ついにキャッチャーが「足の速いイケメン」に。
そして現在連載中の『MIX』では、キャッチャー像が大きく変化したことが目を引く。言葉を選ばずにいえばキャッチャーが「足の速いイケメン」になったのだ。
『MIX』の舞台は、『タッチ』から約30年後の明青学園。すっかり低迷した明青学園の野球部に入部した、同い年の義兄弟である立花投馬・走一郎たちが、甲子園出場を目指す物語である。

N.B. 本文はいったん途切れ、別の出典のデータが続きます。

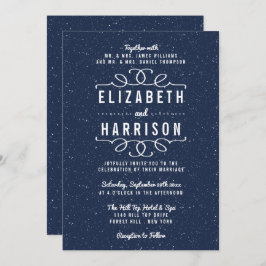 Uppsamlingen Starry Night Bröllop Inbjudningar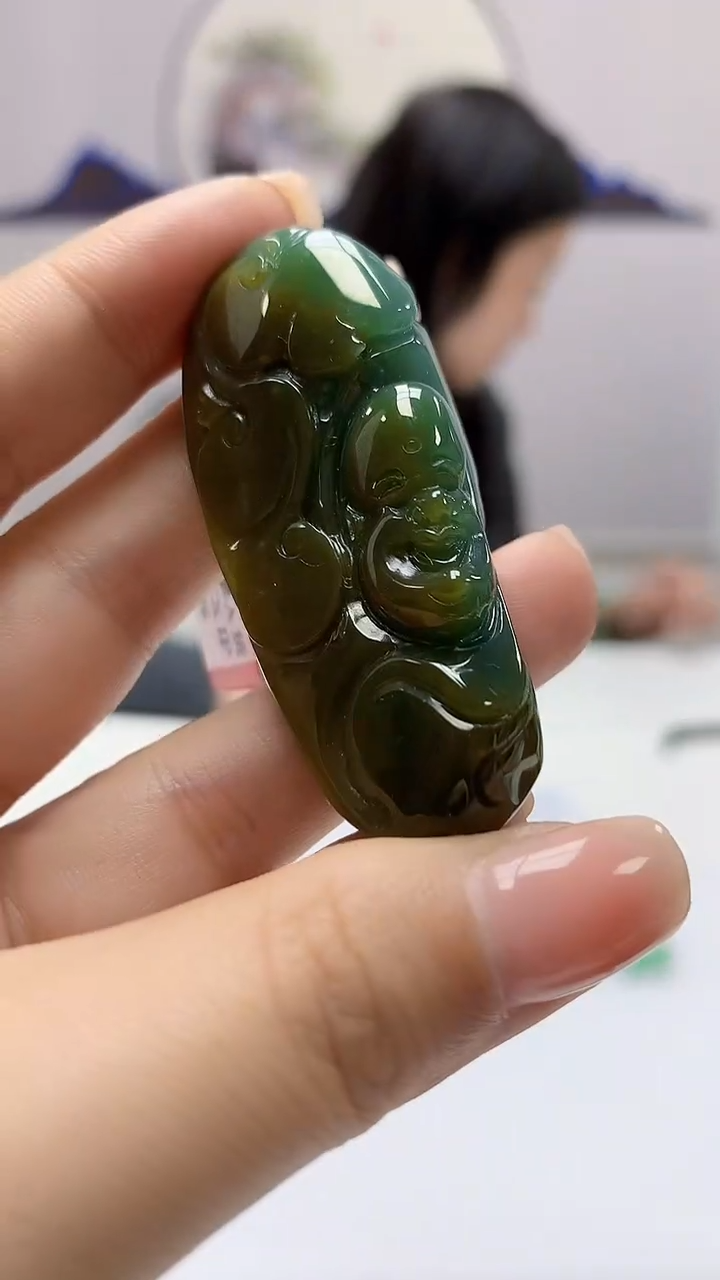 【闪购商品】定制翡翠未镶嵌4852ms-毛货129佛公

投馬がピッチャー、走一郎がキャッチャーを務める。タッチで言えば上杉和也がキャッチャーをしているようなもので、ファンの間には「走一郎は大丈夫なのか」とハラハラしている空気もある。
「キャッチャーの成長」が描かれる?
キャッチャー像が変わったことの楽しみは、これまであまりなかった「キャッチャーの成長」が描かれるのではないか、という部分だろう。
過去の作品ではキャッチャーは「メイン」のステージにはおらず、脇役として話を支える存在だった。それが今作では「もう1人の主人公」になったことで、恋愛関係がどうなるのかも気になるが、キャッチャーとしてどう変化し、成長するかも見所だろう。
「あだち充作品は主人公の顔や展開が一緒」と言われることがあるが、読んでいくと、実際はテーマや価値観が作品ごとにアップデートされているのがわかる。今回取り上げられなかった『クロスゲーム』も含めて、読み返すたびに発見があり、キャッチャーの変化もその1つに過ぎない。
まずは『MIX』がどんな物語になるのかを見届けたい。個人的には、走一郎の活躍を切に願う。